В Польше возбуждение гнетом самодержавия усиливалось всей силой национальной ненависти угнетенного народа к угнетавшему его иноземному правительству. Польша, как каторжник, прикованный цепью к другому каторжнику, поневоле разделяла все судьбы России, вплоть до империалистической войны 1914 г., когда она пострадала больше всех. Разгром декабристов коснулся и ее: у поляков были свои тайные общества, связанные с русскими. Но в Польше тогда была еще конституция, и Николай не мог расправляться в Варшаве так свободно, как в Петербурге. В Польше не удалось вырвать офицерскую революцию до корня, кое-что осталось, и в благоприятную минуту образовался новый заговор. Наместник Николая, цесаревич Константин, больше всего занятый дикой муштровкой солдат, этот заговор проглядел. В ноябре 1830 г. и он и русский гарнизон Варшавы оказались окруженными восставшей польской армией (мы помним, что Польша еще была особым государством, со своей армией). Константин должен был сдаться на капитуляцию. Поляки позволили ему и его войскам удалиться в Россию. В Варшаве было провозглашено низложение Романовых. Польша снова стала свободной страной. Николай конечно не помирился с этим и сейчас же двинул против поляков все военные силы, какие нашлись у него под рукой. Но небольшая польская армия, охваченная революционным энтузиазмом, под начальством офицеров, вышедших из школы Наполеона I, оказалась опасным противником. Первое наступление русских войск на Варшаву кончилось неудачей. Только с помощью пруссаков, снабжавших русскую армию порохом, провизией, перевязочными средствами, удалось Николаю справиться с польской революцией после восьмимесячной борьбы.

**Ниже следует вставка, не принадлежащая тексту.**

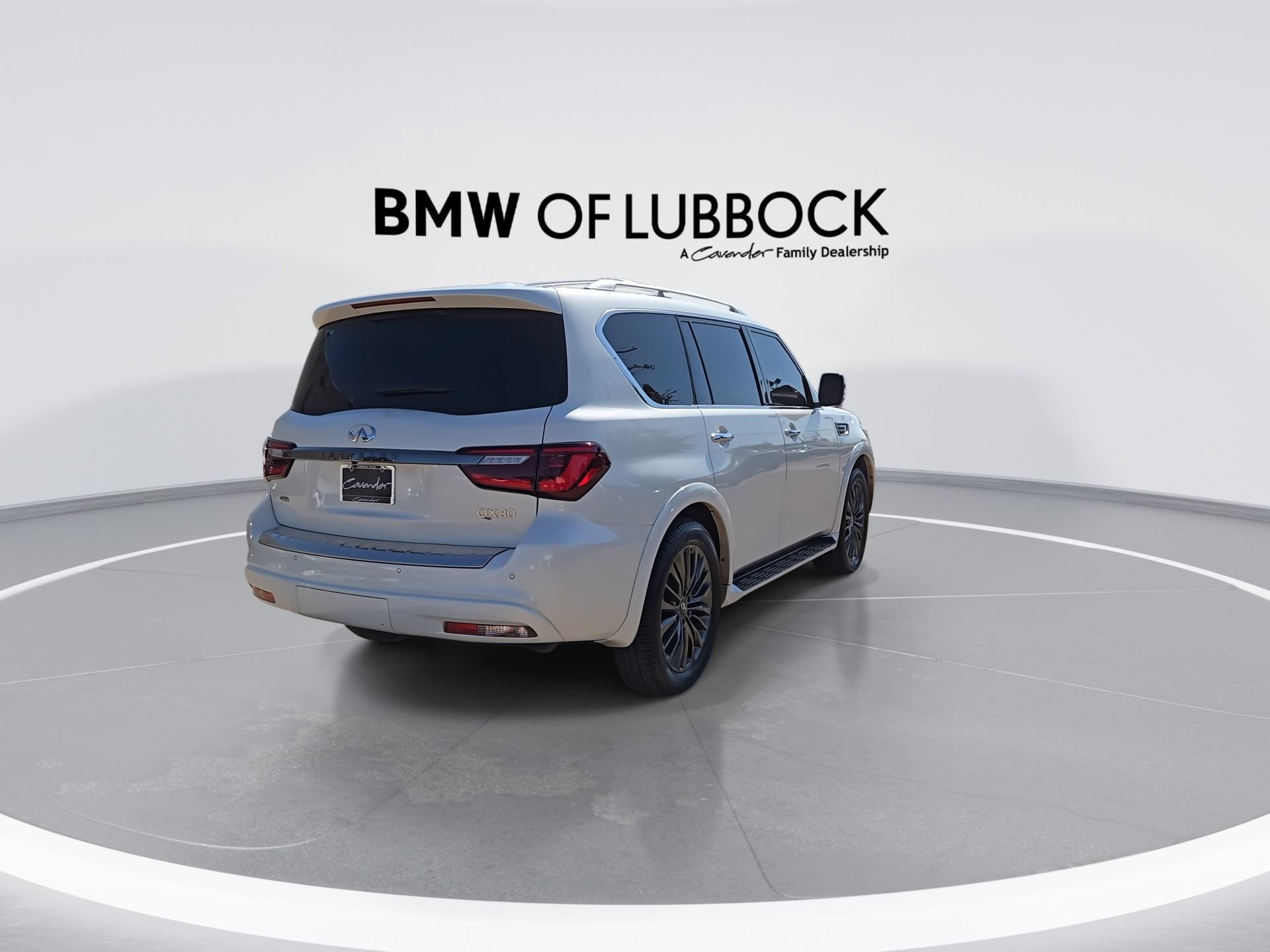 Used 2023 INFINITI QX80 Premium Select w/ Cargo Package AWD/4WD image 8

Завладев Варшавой (в августе 1831 г.), Николай уничтожил польскую конституцию; наместником с неограниченными полномочиями стал новый завоеватель Польши, фельдмаршал Паскевич. В Польше начали насаждать православие, самодержавие и народность (конечно русскую). Для этого раздавали конфискованные у поляков имения русским офицерам, насильно обращали в православие униатов, еще уцелевших в Польше от XVII в. (см. выше, стр. 61—62), насильно обучали в школах русскому языку и т. д. Всей тяжестью это обрушилось именно на мелкую буржуазию: крупные паны-землевладельцы или выехали за границу, пользуясь тем, что Польша была поделена между тремя государствами и у многих богатых помещиков были имения сразу и в России, и в Австрии, и в Пруссии, или сделались раболепными придворными Николая, заняв в Петербурге важные места на царской службе. Но мелкой «шляхте», мелким помещикам, небогатым горожанам некуда было деваться от Паскевича и его казаков и жандармов. В то же время экономически Польша быстро развивалась благодаря именно связи с Россией, представлявшей великолепный рынок для фабрик «царства Польского». И как ни старался Паскевич положить непереходимый рубеж между русской Польшей и окружавшими ее западноевропейскими странами, это было невозможно просто по географическим условиям: «царство» клином врезалось между Пруссией и Австрией, пограничные области которых были населены отчасти теми же поляками. При таких условиях сношения через границу были ежедневные, и польские «эмиссары» из-за границы постоянно проникали в пределы «царства». Замершее в России, революционное брожение в Польше не прекращалось ни на минуту.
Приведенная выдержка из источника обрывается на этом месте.